═══ Task inputs
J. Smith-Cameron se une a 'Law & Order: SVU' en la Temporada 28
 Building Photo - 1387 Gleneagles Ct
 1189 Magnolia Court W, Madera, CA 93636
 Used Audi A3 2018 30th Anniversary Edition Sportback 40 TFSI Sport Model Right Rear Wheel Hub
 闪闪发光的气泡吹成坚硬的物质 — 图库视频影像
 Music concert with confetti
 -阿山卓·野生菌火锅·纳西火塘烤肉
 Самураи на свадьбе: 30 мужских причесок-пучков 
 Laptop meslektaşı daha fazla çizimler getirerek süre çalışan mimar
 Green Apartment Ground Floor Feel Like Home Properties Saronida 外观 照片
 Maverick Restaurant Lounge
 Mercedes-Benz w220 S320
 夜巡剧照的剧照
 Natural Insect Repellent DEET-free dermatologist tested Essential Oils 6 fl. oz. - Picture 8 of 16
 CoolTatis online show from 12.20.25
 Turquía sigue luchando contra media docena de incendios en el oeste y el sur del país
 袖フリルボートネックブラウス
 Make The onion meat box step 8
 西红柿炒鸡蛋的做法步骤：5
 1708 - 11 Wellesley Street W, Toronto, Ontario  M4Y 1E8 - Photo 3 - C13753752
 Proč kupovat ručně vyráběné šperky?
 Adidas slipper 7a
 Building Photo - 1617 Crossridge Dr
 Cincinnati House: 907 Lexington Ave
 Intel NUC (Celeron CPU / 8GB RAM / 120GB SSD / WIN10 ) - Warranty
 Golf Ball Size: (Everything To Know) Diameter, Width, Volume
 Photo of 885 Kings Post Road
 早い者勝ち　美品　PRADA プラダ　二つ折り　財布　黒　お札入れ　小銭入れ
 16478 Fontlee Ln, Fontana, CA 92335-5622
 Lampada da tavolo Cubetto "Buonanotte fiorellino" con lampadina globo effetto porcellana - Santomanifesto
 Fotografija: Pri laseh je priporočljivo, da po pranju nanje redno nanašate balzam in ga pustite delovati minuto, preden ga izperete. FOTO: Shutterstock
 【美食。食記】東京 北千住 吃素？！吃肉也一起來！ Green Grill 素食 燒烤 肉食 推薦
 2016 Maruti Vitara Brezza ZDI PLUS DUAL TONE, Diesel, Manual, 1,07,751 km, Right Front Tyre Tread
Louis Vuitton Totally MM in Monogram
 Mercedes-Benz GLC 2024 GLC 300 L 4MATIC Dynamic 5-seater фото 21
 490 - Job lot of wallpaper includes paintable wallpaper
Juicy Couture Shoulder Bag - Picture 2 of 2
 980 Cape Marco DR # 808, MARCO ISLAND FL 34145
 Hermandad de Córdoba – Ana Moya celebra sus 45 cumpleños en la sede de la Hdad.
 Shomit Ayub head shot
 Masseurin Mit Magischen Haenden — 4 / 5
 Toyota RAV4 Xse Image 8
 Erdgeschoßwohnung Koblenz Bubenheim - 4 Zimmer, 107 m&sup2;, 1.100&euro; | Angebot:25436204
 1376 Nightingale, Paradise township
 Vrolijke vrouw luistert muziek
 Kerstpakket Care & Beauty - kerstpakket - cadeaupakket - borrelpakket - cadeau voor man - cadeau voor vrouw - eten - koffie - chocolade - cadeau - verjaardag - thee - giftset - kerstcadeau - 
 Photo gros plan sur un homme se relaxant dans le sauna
══════
Directions: The answer must be every line of the records that contains the word "Photo".

Exercise answer:
 Building Photo - 1387 Gleneagles Ct
 1708 - 11 Wellesley Street W, Toronto, Ontario  M4Y 1E8 - Photo 3 - C13753752
 Building Photo - 1617 Crossridge Dr
 Photo of 885 Kings Post Road
 Photo gros plan sur un homme se relaxant dans le sauna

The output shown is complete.